Segment Start: DATA FOR PROCESSING

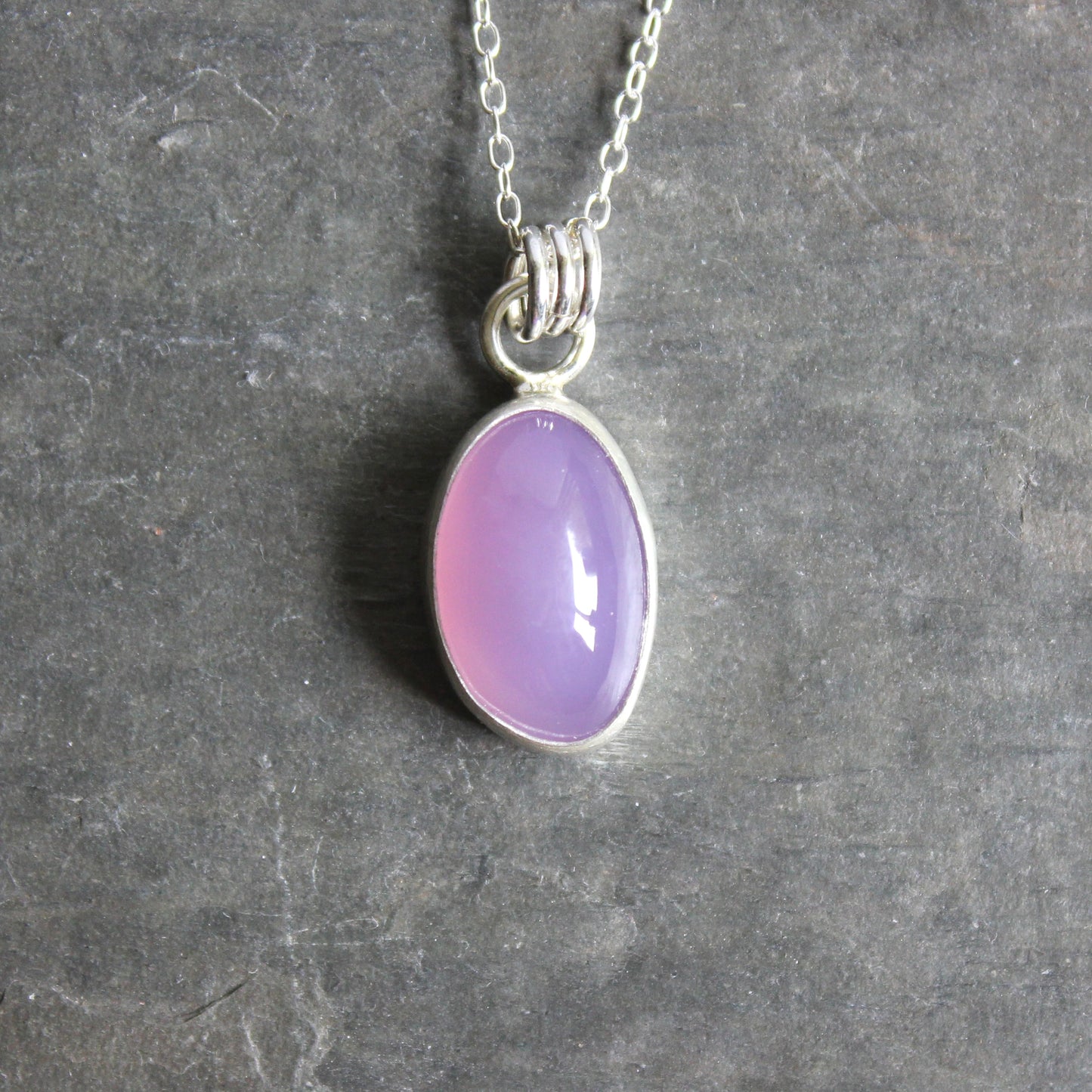 Necklace with a Holley Blue Agate pendant on a gray textured background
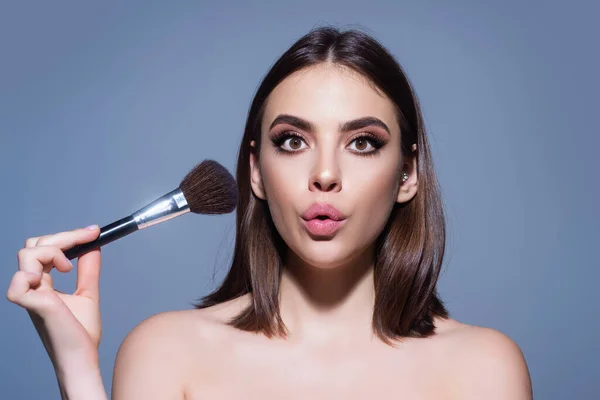 Woman applying foundation powder or blush with makeup brush. Facial treatment, perfect skin, natural make up, facial beauty. Isolated on studio background. Applying makeup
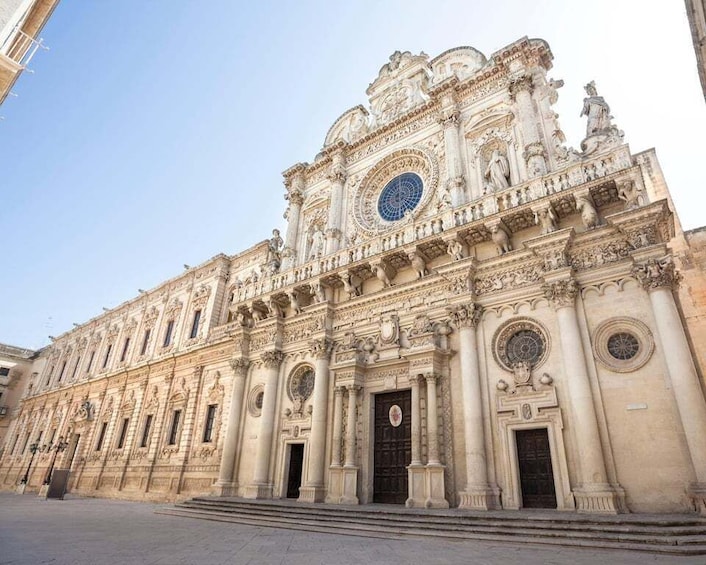 A grand, ornate building with intricate carvings and a large circular window. 4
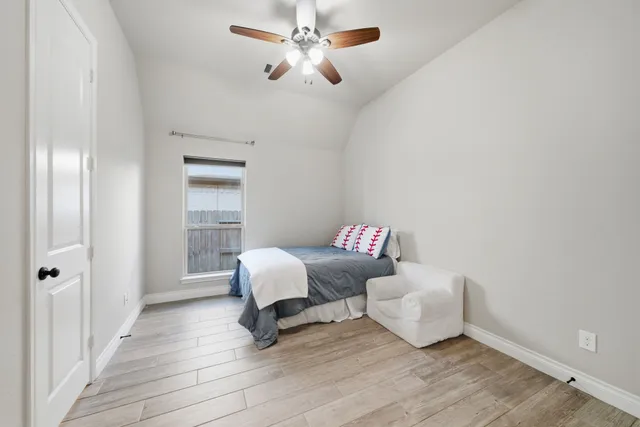 a bed room with a bed and a window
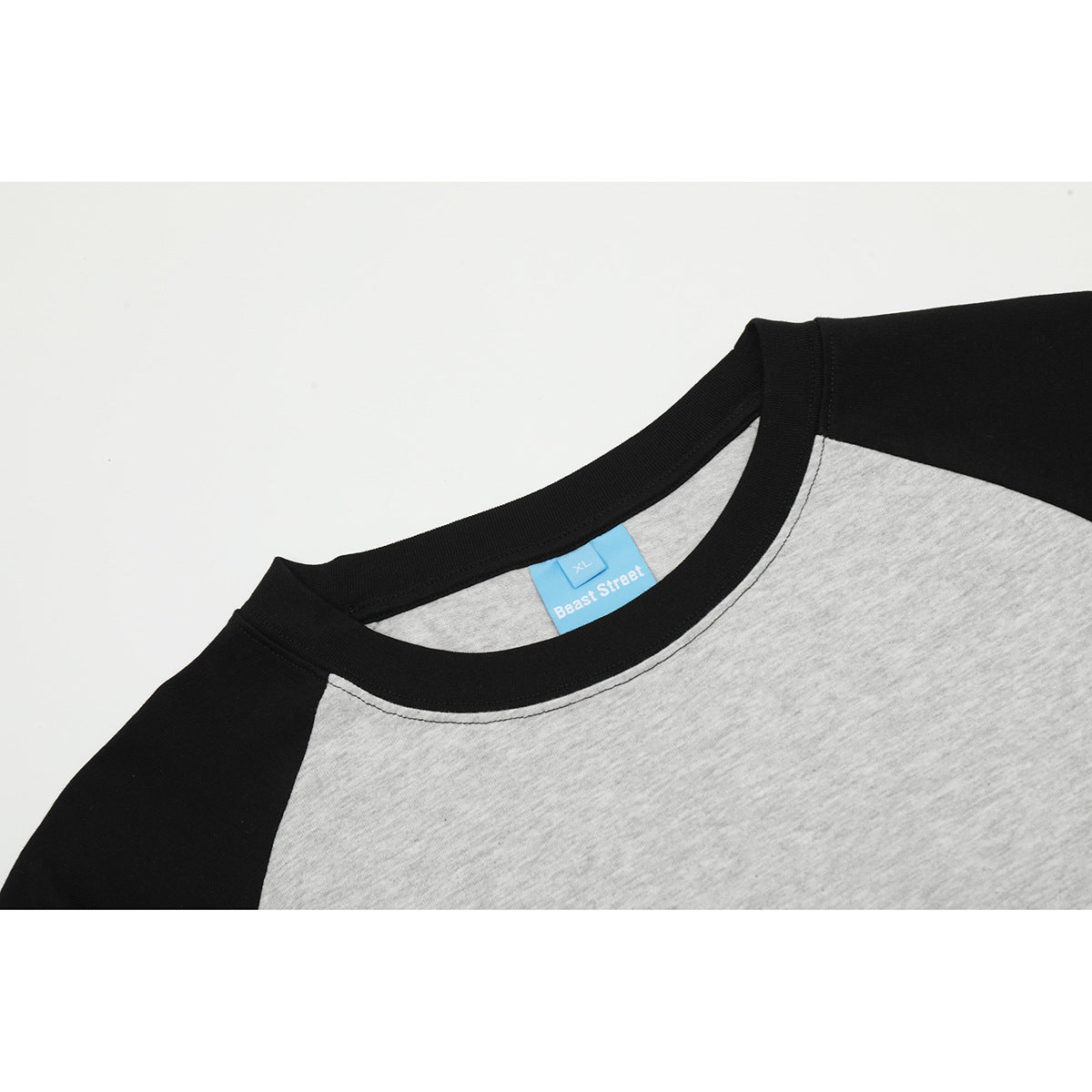 Close-up of a gray raglan T-shirt neckline with black collar and sleeves and a blue Beast Street size label.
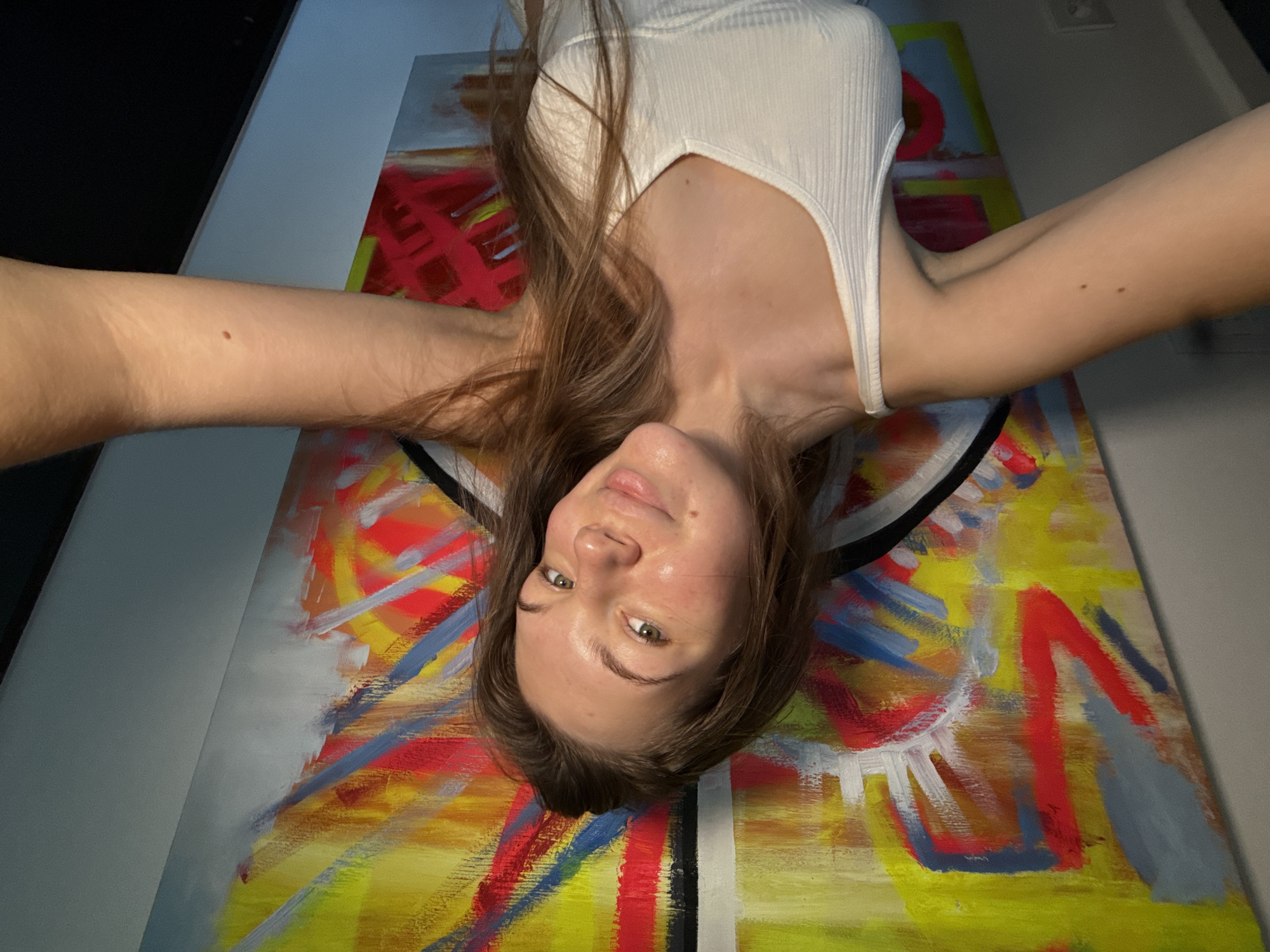 A person with fair skin and light brown hair, wearing a white tank top, is lying on an abstract painting with colors including yellow, red, blue, and white. The person is holding the camera at arm's length, taking a selfie. The background includes a gray wall and a black object in the upper left corner. The image appears to be taken indoors. The location is not discernible from the image and cannot be inferred to be Vozdovac Urban Municipality, Serbia.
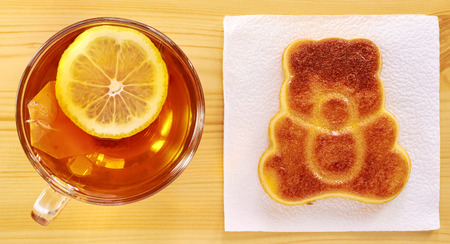 Black tea with lemon and cinnamon cupcake on a wooden tableの写真素材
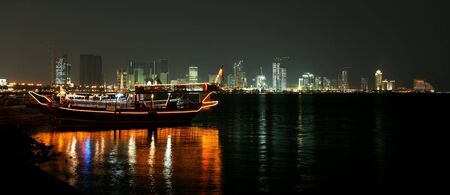 The Doha Corniche at night, with an illuminated pleasure dhow in the foreground and the West Bay...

Segment End: DATA FOR PROCESSING

◆ PROBLEM REQUIREMENTS: Transcribe the data word for word, with no images.

◆ RESULT BELOW:
 Necklace with a Holley Blue Agate pendant on a gray textured background
 Woman applying foundation powder or blush with makeup brush. Facial treatment, perfect skin, natural make up, facial beauty. Isolated on studio background. Applying makeup
 A grand, ornate building with intricate carvings and a large circular window. 4
 a bed room with a bed and a window
 Close-up of a gray raglan T-shirt neckline with black collar and sleeves and a blue Beast Street size label.
 A person with fair skin and light brown hair, wearing a white tank top, is lying on an abstract painting with colors including yellow, red, blue, and white. The person is holding the camera at arm's length, taking a selfie. The background includes a gray wall and a black object in the upper left corner. The image appears to be taken indoors. The location is not discernible from the image and cannot be inferred to be Vozdovac Urban Municipality, Serbia.
 Black tea with lemon and cinnamon cupcake on a wooden tableの写真素材
 The Doha Corniche at night, with an illuminated pleasure dhow in the foreground and the West Bay...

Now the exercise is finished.